= Beginning of Section =
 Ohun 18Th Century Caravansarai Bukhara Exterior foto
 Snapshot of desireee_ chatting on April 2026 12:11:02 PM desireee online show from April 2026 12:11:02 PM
= End of Section =
= Beginning of Section =
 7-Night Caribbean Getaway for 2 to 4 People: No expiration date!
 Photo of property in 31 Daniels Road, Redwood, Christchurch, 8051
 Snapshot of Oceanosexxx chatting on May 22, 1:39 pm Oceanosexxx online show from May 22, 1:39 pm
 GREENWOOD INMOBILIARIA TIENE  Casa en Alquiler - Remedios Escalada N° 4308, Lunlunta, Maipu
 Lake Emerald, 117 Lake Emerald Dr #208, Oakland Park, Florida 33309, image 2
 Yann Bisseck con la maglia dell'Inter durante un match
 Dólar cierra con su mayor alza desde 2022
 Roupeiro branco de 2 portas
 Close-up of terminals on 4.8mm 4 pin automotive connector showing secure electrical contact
= End of Section =
Task item: From the entries above, print the lines beginning at the one with "Snapshot of Oceanosexxx" and stopping after the one with "Close-up of terminals", exactly as written and with nothing else.

Result of this task:
 Snapshot of Oceanosexxx chatting on May 22, 1:39 pm Oceanosexxx online show from May 22, 1:39 pm
 GREENWOOD INMOBILIARIA TIENE  Casa en Alquiler - Remedios Escalada N° 4308, Lunlunta, Maipu
 Lake Emerald, 117 Lake Emerald Dr #208, Oakland Park, Florida 33309, image 2
 Yann Bisseck con la maglia dell'Inter durante un match
 Dólar cierra con su mayor alza desde 2022
 Roupeiro branco de 2 portas
 Close-up of terminals on 4.8mm 4 pin automotive connector showing secure electrical contact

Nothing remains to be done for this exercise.